:: Provided data
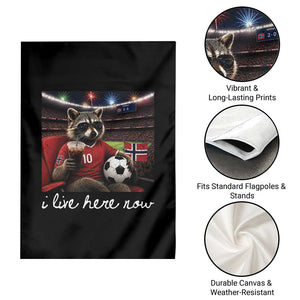 Norway Soccer Football Fan Norge Norwegian Flag Garden Flag Funny Raccoon Drinking Iced Coffee TS14 Print Your Wear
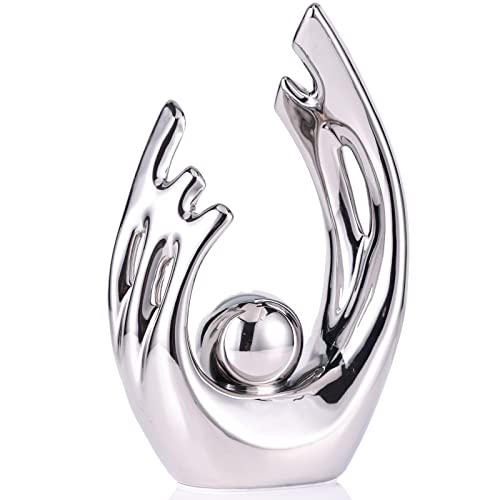 XMGZQ Silver Home Decor Accent,Mid Century Modern Decor Dining Table Decorations,Silver Abstract Ceramic Statue and Sculpture for Center Pieces Decor for Table,Bookshelf Tv Stand Decorative Objects - color: Silver, size: Small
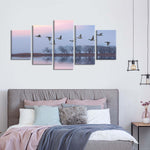 Pink Sky Over Ducks Wall Art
::::
Your task —
Word for word, retype the material above without its pictures.

Result for this task —
 Norway Soccer Football Fan Norge Norwegian Flag Garden Flag Funny Raccoon Drinking Iced Coffee TS14 Print Your Wear
 XMGZQ Silver Home Decor Accent,Mid Century Modern Decor Dining Table Decorations,Silver Abstract Ceramic Statue and Sculpture for Center Pieces Decor for Table,Bookshelf Tv Stand Decorative Objects - color: Silver, size: Small
 Pink Sky Over Ducks Wall Art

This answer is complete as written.